Cada viernes se paseaba como un barco sin rumbo
dando tumbos de bar en bar por “La Zona” con la misma camisa de cuadros, el
sombrero de panamá, los pantalones “pachuco” y bañado de aquel dulce aroma de
Vetiver que usaba para disimular el tufo.
“El
veterano de los boeprines me decían”, con esa frase que parecía ser su
tarjeta de presentación rompía el hielo con cualquier solitario parroquiano que
encontrara sentado en la barra de turno. En efecto lo había sido, no quedó un
burdel de moda, una casa de cita o una prostituta conocida de los años ’70 que no
hubiese sido suya.
Un caluroso domingo de verano había ganado el
premio mayor de la lotería y sin pensarlo dos veces derrochó en un año hasta
el último centavo entregándose a la bebida y los cueros. Como un reloj suizo se
levantaba a las once, desayunaba en el antiguo comedor chino frente al parque Independencia,
cruzaba a la barra Paco por la primera cerveza del día y empezaba su ruta de
prostíbulos que se extendía hasta entrada la madrugada.

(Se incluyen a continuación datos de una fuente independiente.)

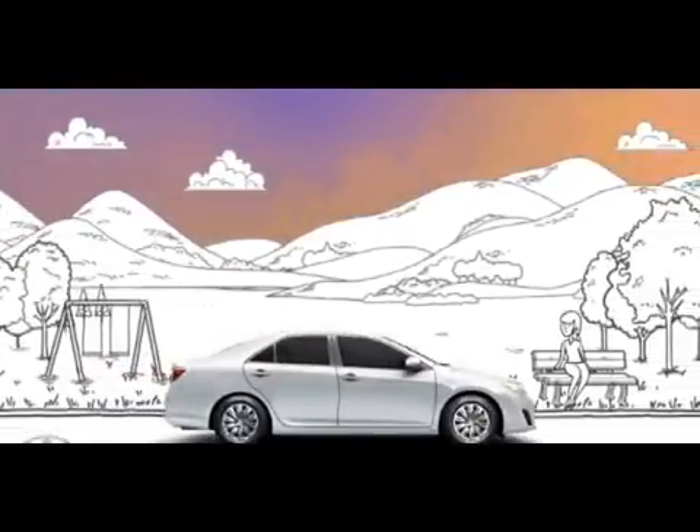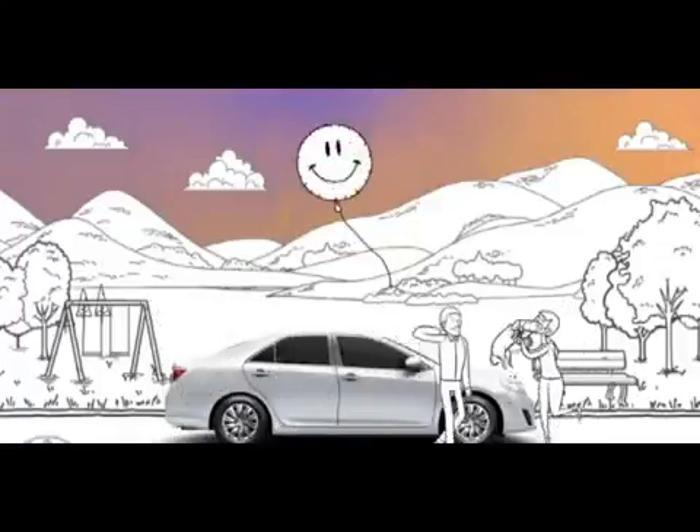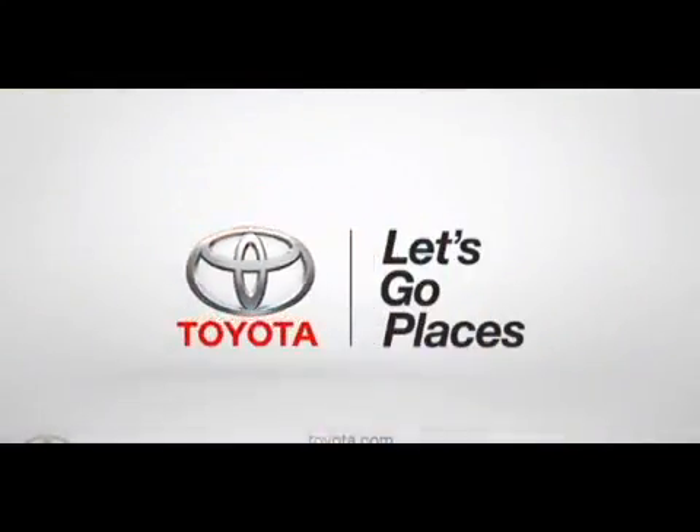State-of-the-art innovation designed to make those not-so-good surprises less surprising and help keep the good surprises safe. Toyota. Let's go places safely.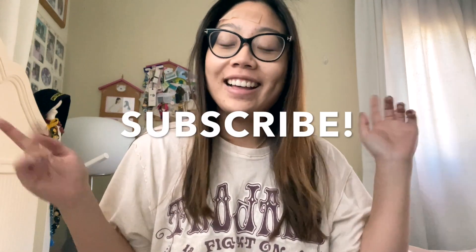If you want to see what that's like, don't forget to subscribe to my channel and hit that notification bell so you know when I post. Without further ado, let's get into the vlog!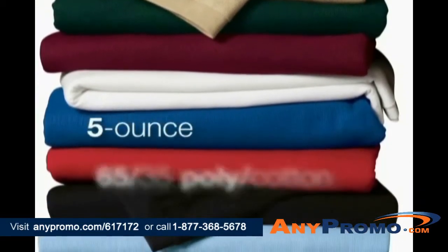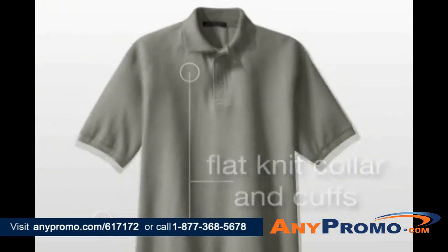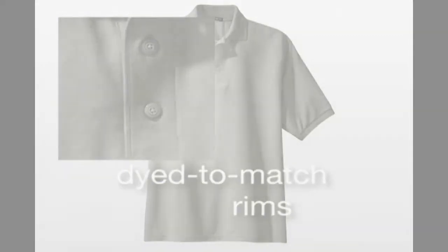In all styles, the 5-ounce 65-35 Poly Cotton Piquet has flat knit collar and cuffs, double needle armholes and bottom hem, side vents, and metal buttons with dyed to match rims.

Había echado a un lado trabajo, mujer, hijos y amigos
para entregarse de lleno a los placeres del sexo y la “buena vida”; hoy, casi medio siglo después, con la puesta del sol de
cada tarde y en el ocaso de sus días, Marino cuenta con un entusiasmo de adolescente
como si fuese un episodio de esta mañana, las historias de aquellos pubis peludos
donde se sumergía cada noche en su burdel de turno.